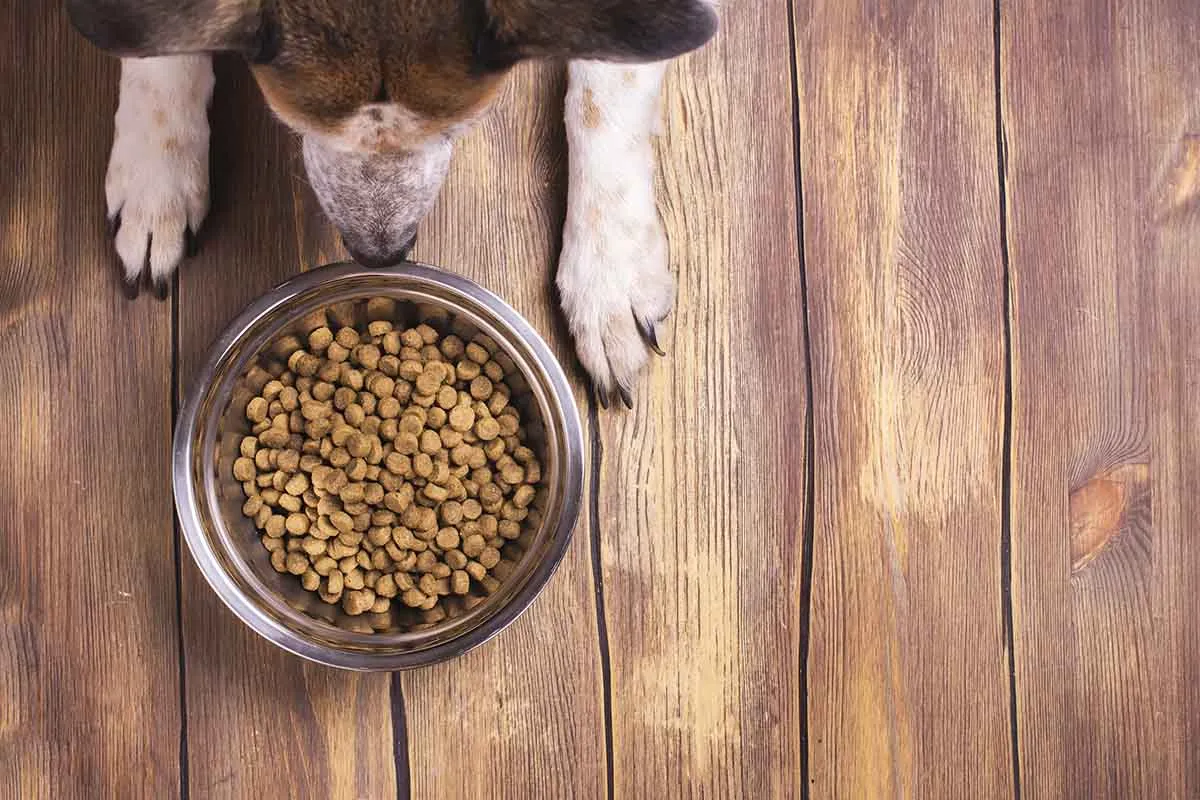 Cibo per cani, la classifica delle migliori crocchette: alcune costano meno di 2 euro al kg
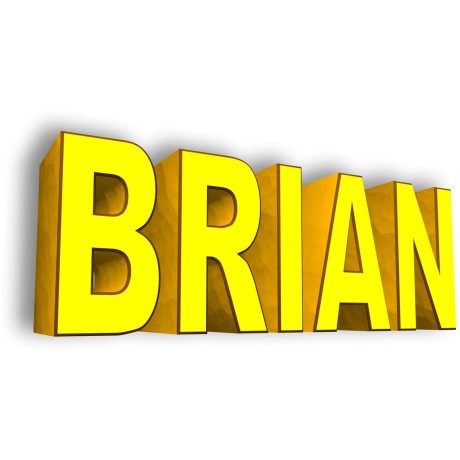 Brian simulator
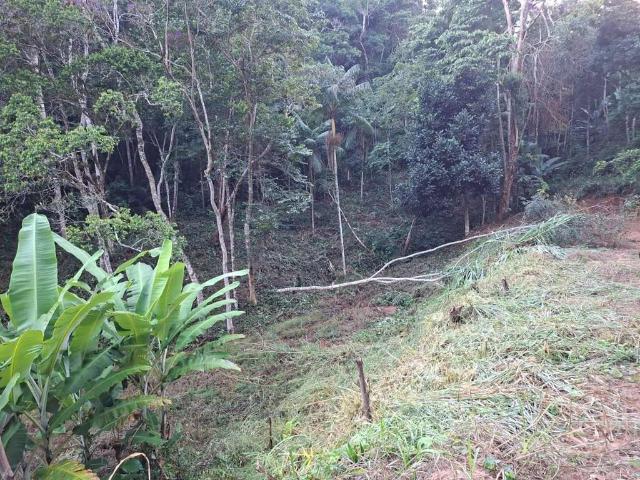 Sítio e chácara venda em Região Geográfica Imediata de Afonso Cláudio - Venda Nova do Imigrante - Santa Maria de Jetibá, Santa Teresa
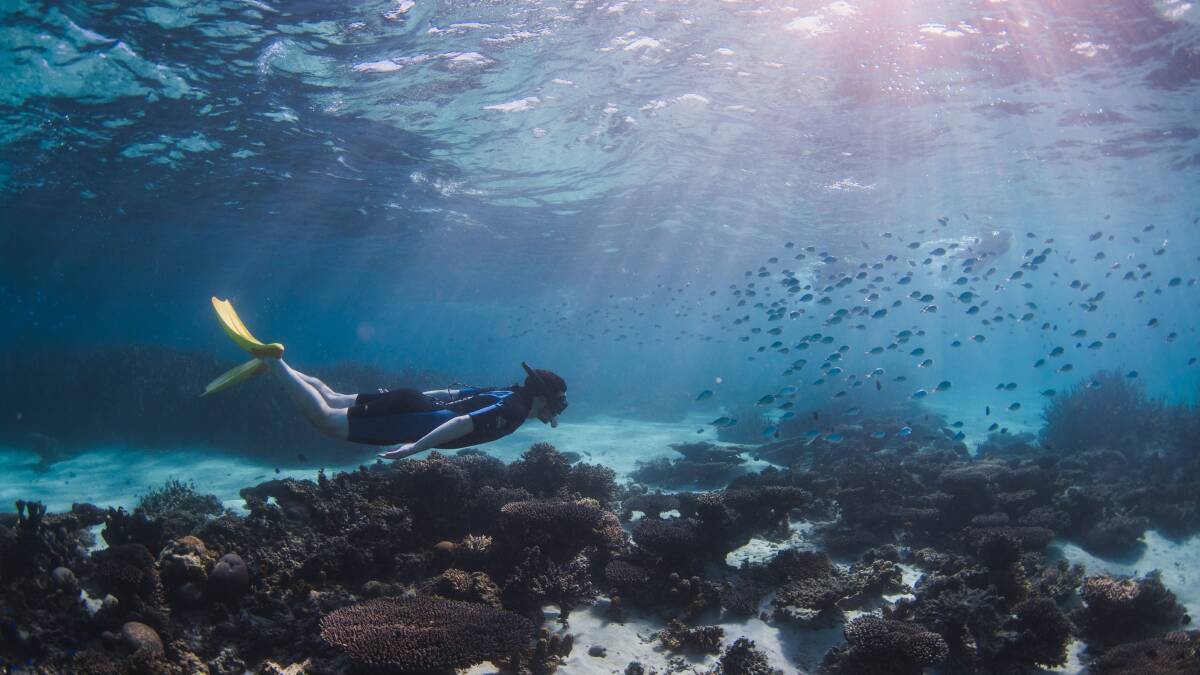 Snorkelling at Coral Bay. Snorkelling at Coral Bay.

■ **Assigned task**:
Transcribe the listing in full. Omit the pictures and keep every line exact.

■ **Expected output**:
 Cibo per cani, la classifica delle migliori crocchette: alcune costano meno di 2 euro al kg
 Brian simulator
 Sítio e chácara venda em Região Geográfica Imediata de Afonso Cláudio - Venda Nova do Imigrante - Santa Maria de Jetibá, Santa Teresa
 Snorkelling at Coral Bay. Snorkelling at Coral Bay.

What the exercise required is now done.